Es war bereits das dritte Mal in diesem Jahr, dass der Bundestag über einen Antrag von CDU/CSU zur Taurus-Lieferung abstimmte. Im Ergebnis zeigten sich keine große Verschiebungen: 495 Abgeordnete wiesen den Unionsvorstoß zurück, 190 waren dafür und fünf enthielten sich.
Ob auch Vertreterinnen oder -vertreter der Ampel-Koalition den Unionsantrag unterstützen, war zunächst offen. Das detaillierte Ergebnis der namentlichen Abstimmung wird später bekannt gegeben. Ende Februar hatte die FDP-Verteidigungsexpertin Marie-Agnes Strack-Zimmermann für den damaligen Unionsantrag gestimmt.

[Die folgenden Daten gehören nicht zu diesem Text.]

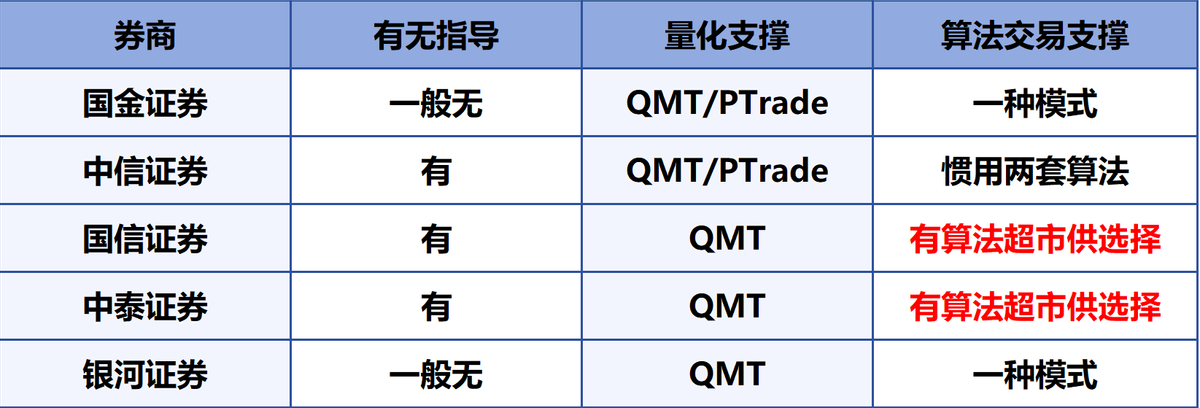 一文读懂量化交易中的算法交易使用!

In der Debatte kritisierten vor allem die Grünen den "Basta"-Kurs des Kanzlers in der Taurus-Frage. "Zur vollen Wahrheit gehört, auch Zögern und Zaudern kann am Ende zur Eskalation beitragen", sagte die stellvertretende Fraktionsvorsitzende Agnieszka Brugger (Grüne). Deshalb könne Scholz die Taurus-Debatte nicht einfach für beendet erklären. Auch ihre Partei wäge alle Risiken solcher Waffenlieferungen sorgfältig ab, betonte Brugger. "Und das lassen wir uns als Grüne von niemandem absprechen, auch nicht vom Bundeskanzler."

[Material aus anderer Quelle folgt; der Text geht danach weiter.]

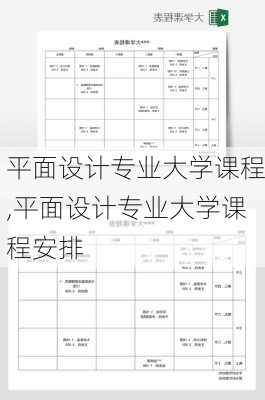 平面设计专业大学课程,平面设计专业大学课程安排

Der FDP-Abgeordnete Alexander Müller sagte, auch seine Fraktion halte die Lieferung von Taurus für nötig. "Gegen Wladimir Putin hilft nur klare Kante", sagte er. "Alles andere sieht er nur als Unterwürfigkeit." Er kritisierte gleichzeitig "Spiele der Opposition" und kündigte wie Brugger an, auch seine Fraktion werde nicht für den Unionsantrag stimmen. Müller betonte, über die Taurus-Lieferung könne ohnehin nur die Bundesregierung und nicht der Bundestag entscheiden.
Kanzler Scholz hatte seine Liefer-Ablehnung erst am Mittwoch im Bundestag bekräftigt. Er sagte dabei, er werde kein Waffensystem liefern, das die Beteiligung deutscher Soldaten in dem Konflikt nötig mache.

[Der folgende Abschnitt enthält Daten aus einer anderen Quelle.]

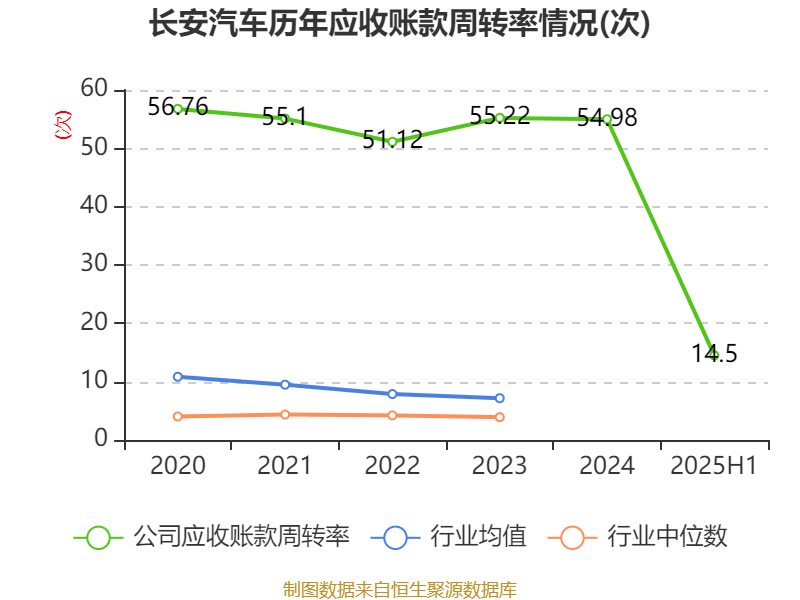 长安汽车:2025年上半年净利润22.91亿元 拟10派0.5元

SPD-Fraktionschef Rolf Mützenich verteidigte diesen Kurs und warf der Union vor, aus "niederen politischen Beweggründen" eine "kleinteilige Debatte" über ein einzelnes Waffensystem anzuheizen. Gleichzeitig griff er Koalitionsvertreter an, die Scholz kritisierten. Wenn der Kanzler mit Begriffen "wie Sicherheitsrisiko oder Unwahrheit belegt" werde, sei dies "nicht nur unredlich", sondern auch "bösartig", sagte der SPD-Fraktionsvorsitzende. "Dies gehört nicht in eine parlamentarische Demokratie und schon gar nicht in eine Koalition"
Der CDU-Abgeordnete Johann Wadephul dankte der Grünen-Vertreterin Brugger ausdrücklich für ihre Äußerungen. Sie habe im Wesentlichen das ausgedrückt, was auch CDU/CSU dächten. Wadephul forderte erneut eindringlich eine Taurus-Lieferung und verwies auf die sich verschlechternde militärische Lage der Ukraine. An Scholz und die SPD gerichtet sagte er: "Ihre vermeintliche Besonnenheit hat Herrn Putin immer nur wieder befeuert in seiner Aggression gegen die Ukraine."
Unionsfraktionschef Friedrich Merz (CDU) sprach dieses Mal in der Debatte nicht. Er warf Scholz jedoch im Sender RTL vor, "mit Kriegsängsten der deutschen Bevölkerung" zu spielen. Sein Auftritt am Mittwoch im Bundestag habe zudem gezeigt, dass der Kanzler "hochgradig nervös" und "dünnhäutig" auf Kritik in der Taurus-Frage reagiere.
Vertreter von AfD, Linken und BSW lehnten in der Debatte erneut eine Taurus-Lieferung ab. Sie bedeute "die Verlängerung des Krieges", sagte der AfD-Vorsitzende Tino Chrupalla. Nötig für Frieden sei die Diskussion von Lösungsvarianten am Verhandlungstisch.
Linken-Chefin Janine Wissler warnte, eine Taurus-Lieferung gehe einher "mit einer enormen Eskalationsgefahr für den gesamten Kontinent und darüber hinaus". Die BSW-Vorsitzende Sahra Wagenknecht sagte, "die ganze Welt außerhalb der deutschen Polit-Blase" wisse, "dass die Ukraine diesen Krieg nicht gewinnen kann". Daran werde eine Taurus-Lieferung "überhaupt nichts ändern", Deutschland werde aber "zur Kriegspartei".